Molecule aka Romain Delahaye a imaginé le projet de musique électronique le plus surprenant du printemps: mêlant expérience de vie et création, il a enregistré un album en pleine mer, en ne samplant que les bruits de l’océan et du bateau de pêche, où il a vécu pendant 5 semaines. Le résultat, hypnotique, s’intitule 60°43’ Nord.

molecule

Comment est venue l’idée d’enregistrer dans un bateau de pêche ?

L’idée était de mêler mes deux passions. Petit, j’étais fasciné par l’horizon et l’univers des pêcheurs, en particulier les terre-neuvas, les marins de grande pêche à Cancale où j’ai une maison de famille. Ils partaient à Terre Neuve au large du Canada pour des mois… L’aventure, le voyage exceptionnel et la dangerosité me fascinaient. Composer en pleine mer a toujours été le but ultime mais je n’étais pas assez sûr de moi techniquement pour oser me lancer. Pour ce cinquième album, ça a été le cas. Je voulais une région hostile car j’avais le rêve d’enregistrer la tempête.

 Quelle était ta routine à bord ?

Je me suis imposé un dogme : arriver comme une page blanche avec mes instruments de musique, enregistrer et composer sur place et revenir à terre trois semaine plus tard avec un album fini. Je ne devais rajouter aucune note.

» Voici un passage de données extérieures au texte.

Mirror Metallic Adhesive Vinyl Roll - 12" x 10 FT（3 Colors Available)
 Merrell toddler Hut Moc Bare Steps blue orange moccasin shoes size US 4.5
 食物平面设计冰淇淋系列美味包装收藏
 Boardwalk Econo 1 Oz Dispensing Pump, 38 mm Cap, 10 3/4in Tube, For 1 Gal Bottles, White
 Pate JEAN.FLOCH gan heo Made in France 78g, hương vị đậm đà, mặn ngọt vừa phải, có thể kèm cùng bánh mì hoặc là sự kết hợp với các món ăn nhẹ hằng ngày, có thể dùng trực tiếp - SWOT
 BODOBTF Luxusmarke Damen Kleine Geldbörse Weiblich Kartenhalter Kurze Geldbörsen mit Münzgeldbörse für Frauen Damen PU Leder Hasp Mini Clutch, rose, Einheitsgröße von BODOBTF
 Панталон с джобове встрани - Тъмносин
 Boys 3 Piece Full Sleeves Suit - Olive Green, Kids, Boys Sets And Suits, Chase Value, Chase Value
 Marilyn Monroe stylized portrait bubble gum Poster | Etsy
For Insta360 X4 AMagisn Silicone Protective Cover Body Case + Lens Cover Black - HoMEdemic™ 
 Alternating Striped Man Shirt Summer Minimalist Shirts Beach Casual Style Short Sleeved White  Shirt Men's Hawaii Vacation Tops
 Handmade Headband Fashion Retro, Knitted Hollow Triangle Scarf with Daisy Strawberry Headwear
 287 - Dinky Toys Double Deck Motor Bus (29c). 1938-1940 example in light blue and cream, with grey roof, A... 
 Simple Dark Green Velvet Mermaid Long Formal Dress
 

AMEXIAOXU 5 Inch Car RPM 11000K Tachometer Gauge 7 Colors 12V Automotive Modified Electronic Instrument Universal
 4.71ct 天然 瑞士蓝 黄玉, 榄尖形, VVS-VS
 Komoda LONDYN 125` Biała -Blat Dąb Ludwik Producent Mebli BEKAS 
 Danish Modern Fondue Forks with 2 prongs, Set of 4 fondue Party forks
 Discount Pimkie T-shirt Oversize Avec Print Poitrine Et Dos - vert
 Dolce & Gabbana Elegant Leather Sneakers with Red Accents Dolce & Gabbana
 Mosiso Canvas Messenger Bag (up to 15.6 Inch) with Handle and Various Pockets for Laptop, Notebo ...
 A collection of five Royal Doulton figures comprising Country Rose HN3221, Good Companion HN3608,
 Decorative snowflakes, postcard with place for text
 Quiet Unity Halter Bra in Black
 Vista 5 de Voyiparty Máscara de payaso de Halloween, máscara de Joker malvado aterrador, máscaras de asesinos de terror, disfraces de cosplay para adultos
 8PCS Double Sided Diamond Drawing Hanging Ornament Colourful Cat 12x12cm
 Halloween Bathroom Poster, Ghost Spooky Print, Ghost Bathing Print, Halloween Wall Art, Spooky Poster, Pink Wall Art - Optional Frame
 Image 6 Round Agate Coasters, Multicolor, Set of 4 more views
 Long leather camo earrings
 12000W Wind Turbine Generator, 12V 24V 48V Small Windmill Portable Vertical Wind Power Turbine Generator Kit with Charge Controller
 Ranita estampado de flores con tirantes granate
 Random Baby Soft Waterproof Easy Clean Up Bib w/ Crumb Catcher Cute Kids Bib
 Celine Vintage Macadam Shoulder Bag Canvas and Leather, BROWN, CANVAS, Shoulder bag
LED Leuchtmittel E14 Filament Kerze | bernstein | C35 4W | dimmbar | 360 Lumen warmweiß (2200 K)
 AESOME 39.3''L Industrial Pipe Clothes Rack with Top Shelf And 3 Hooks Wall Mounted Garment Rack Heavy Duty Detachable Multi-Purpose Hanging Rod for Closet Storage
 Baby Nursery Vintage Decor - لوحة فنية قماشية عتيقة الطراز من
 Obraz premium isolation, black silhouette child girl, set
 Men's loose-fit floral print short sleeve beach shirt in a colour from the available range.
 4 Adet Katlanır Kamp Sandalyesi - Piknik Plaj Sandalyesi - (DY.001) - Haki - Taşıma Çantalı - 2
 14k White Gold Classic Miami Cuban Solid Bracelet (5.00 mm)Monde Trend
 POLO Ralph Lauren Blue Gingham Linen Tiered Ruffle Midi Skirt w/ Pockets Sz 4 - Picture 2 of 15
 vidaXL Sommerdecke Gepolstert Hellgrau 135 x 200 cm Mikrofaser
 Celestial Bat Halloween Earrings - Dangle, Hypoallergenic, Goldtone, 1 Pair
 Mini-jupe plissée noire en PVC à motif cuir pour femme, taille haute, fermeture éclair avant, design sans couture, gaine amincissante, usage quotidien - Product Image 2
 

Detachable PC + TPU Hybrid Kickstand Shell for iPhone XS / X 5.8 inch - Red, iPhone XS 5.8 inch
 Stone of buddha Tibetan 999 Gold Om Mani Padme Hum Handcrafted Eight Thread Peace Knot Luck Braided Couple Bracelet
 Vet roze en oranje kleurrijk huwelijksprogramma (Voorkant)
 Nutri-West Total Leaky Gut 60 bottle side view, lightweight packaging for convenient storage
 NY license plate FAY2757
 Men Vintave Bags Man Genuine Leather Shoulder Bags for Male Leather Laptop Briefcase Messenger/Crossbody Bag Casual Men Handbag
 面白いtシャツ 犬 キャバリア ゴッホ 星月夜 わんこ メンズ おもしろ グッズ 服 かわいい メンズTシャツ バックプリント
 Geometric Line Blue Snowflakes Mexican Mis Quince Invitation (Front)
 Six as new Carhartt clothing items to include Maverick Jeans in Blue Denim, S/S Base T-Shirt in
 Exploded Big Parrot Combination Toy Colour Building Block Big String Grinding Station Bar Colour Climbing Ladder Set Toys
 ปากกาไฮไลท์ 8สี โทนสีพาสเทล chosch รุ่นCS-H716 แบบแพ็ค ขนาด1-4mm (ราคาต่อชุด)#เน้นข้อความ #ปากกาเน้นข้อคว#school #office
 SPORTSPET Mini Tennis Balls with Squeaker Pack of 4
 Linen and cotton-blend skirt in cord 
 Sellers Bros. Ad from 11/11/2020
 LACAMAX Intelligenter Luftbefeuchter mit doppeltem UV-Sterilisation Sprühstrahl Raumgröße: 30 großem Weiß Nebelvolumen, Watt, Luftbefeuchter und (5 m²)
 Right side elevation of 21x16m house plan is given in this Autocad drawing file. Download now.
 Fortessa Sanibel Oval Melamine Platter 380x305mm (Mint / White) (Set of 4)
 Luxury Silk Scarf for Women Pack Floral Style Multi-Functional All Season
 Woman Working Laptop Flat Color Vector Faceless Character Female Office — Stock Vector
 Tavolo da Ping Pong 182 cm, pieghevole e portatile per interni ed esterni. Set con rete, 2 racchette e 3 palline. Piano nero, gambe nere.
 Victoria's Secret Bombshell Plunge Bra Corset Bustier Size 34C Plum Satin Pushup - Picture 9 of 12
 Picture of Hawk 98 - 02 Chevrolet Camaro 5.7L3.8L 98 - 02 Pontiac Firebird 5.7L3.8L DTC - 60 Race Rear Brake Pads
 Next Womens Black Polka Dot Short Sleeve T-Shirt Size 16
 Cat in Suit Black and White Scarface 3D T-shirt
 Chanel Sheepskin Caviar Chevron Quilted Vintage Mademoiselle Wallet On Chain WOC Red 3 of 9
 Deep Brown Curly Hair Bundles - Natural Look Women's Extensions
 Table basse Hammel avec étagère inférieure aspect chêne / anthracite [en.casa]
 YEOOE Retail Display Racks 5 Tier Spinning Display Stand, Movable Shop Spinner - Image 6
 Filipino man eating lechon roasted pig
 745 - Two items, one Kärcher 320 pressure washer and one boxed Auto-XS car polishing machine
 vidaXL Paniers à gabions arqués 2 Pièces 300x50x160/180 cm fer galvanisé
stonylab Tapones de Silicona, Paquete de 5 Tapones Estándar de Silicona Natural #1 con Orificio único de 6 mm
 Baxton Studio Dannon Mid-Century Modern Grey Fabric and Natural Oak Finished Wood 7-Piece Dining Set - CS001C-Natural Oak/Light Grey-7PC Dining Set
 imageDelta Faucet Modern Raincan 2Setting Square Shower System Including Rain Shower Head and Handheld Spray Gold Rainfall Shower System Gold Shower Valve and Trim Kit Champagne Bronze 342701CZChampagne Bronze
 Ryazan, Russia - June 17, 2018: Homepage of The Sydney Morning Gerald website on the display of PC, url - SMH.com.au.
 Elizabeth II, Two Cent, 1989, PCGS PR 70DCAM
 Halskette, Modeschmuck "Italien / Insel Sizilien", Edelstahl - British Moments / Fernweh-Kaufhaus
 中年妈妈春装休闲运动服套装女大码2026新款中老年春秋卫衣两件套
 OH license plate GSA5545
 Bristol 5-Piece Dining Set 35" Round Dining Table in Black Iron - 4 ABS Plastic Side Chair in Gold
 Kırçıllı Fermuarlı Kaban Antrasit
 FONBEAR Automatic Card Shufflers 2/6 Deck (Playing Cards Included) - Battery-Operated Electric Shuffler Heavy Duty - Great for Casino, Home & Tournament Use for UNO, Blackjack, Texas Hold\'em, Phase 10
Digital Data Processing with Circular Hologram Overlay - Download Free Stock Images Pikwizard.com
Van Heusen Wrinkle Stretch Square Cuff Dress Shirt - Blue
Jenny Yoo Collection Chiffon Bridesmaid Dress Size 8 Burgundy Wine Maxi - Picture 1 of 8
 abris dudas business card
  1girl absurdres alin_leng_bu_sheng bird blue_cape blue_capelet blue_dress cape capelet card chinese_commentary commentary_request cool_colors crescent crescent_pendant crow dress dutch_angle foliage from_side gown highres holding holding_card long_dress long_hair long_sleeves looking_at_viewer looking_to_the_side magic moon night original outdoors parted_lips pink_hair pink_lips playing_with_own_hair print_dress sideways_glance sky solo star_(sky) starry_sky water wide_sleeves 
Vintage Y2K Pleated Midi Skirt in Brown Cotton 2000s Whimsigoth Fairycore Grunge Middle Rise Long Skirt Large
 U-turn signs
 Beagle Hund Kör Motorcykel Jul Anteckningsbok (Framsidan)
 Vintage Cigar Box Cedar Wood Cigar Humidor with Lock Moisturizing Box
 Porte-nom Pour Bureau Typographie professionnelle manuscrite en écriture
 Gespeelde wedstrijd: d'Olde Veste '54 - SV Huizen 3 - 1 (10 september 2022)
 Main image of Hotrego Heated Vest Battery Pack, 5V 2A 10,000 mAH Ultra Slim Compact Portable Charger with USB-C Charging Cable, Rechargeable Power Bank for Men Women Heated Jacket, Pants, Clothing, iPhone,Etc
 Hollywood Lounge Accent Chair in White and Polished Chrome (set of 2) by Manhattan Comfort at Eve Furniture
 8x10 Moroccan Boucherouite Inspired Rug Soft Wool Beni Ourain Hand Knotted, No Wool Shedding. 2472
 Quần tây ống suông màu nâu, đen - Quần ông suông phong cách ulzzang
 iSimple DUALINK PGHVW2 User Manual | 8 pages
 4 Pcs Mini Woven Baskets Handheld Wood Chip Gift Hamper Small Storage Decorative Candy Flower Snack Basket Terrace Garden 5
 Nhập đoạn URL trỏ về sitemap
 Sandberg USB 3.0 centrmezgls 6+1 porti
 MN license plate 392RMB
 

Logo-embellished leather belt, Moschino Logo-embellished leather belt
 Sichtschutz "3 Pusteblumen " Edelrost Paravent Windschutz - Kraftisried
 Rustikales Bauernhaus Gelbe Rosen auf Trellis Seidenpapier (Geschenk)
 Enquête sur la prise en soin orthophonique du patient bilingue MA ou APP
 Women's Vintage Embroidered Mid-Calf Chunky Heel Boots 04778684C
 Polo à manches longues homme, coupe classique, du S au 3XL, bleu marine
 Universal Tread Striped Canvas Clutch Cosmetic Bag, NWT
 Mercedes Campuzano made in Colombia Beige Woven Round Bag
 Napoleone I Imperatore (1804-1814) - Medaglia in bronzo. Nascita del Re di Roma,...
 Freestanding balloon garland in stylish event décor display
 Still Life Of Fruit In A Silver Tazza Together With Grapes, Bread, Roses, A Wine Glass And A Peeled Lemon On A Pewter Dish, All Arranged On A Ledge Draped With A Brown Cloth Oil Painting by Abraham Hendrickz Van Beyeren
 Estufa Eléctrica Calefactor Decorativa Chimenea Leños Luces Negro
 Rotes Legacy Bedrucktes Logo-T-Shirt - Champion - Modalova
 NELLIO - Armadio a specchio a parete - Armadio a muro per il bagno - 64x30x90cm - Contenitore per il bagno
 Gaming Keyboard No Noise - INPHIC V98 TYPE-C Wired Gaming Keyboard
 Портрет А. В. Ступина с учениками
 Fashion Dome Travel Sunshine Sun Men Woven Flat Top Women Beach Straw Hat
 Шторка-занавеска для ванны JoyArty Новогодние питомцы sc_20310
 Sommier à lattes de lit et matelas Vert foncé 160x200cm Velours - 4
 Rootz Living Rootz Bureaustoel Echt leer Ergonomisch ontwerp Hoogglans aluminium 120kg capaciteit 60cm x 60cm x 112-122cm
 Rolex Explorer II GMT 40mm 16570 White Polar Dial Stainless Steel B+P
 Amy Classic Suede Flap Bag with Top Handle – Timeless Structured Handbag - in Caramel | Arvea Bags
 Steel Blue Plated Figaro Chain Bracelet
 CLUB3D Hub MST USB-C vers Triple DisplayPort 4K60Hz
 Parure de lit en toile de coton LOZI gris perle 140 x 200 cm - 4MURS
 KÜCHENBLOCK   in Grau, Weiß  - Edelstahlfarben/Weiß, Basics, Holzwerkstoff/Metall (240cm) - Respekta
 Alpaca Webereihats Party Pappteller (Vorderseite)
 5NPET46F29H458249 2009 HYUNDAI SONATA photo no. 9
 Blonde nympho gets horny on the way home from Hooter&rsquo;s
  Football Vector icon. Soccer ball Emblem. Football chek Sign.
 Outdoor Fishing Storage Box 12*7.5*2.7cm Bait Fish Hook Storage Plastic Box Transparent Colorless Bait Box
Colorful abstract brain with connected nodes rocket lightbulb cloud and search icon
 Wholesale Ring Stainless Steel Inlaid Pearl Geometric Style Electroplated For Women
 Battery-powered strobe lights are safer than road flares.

Comment ça s’est passé avec l’équipage ?

Au début il ne comprenait pas trop ce que je foutais là… Parce qu’un bateau, c’est un endroit très bruyant alors enregistrer un disque ici, ils ne voyaient pas l’intérêt. Mais ils m’ont quand même aidé, par exemple en m’harnachant dans les tempêtes, en m’équipant de CB pour ne pas me perdre de vue. Et puis de temps en temps, ils passaient dans la cabine transformée en studio… Ils écoutaient ce que je faisais. Ils étaient très fiers que j’ai choisi leur bateau pour faire ce travail. Au fur et à mesure, des liens se sont créés. Il y a eu beaucoup d’ échange, de partage pour apprendre à se connaître. Ce milieu me fascine. Les marins sont souvent des écorchés de la vie. Ils partent des mois et des mois en mer. C’est un travail dur. Je suis parti juste pour une campagne de 5 semaines… Eux, ils en font 5 ou 6 dans l’année. Je suis toujours en contact avec le capitaine, l’armateur et certains marins. Ils sont basés à Saint Malo et j’aime y retourner. J’étais là-bas quand ils ont fêté les 50 ans de la Compagnie des Pêches.

Et pour toi, comment ça s’est passé à bord ?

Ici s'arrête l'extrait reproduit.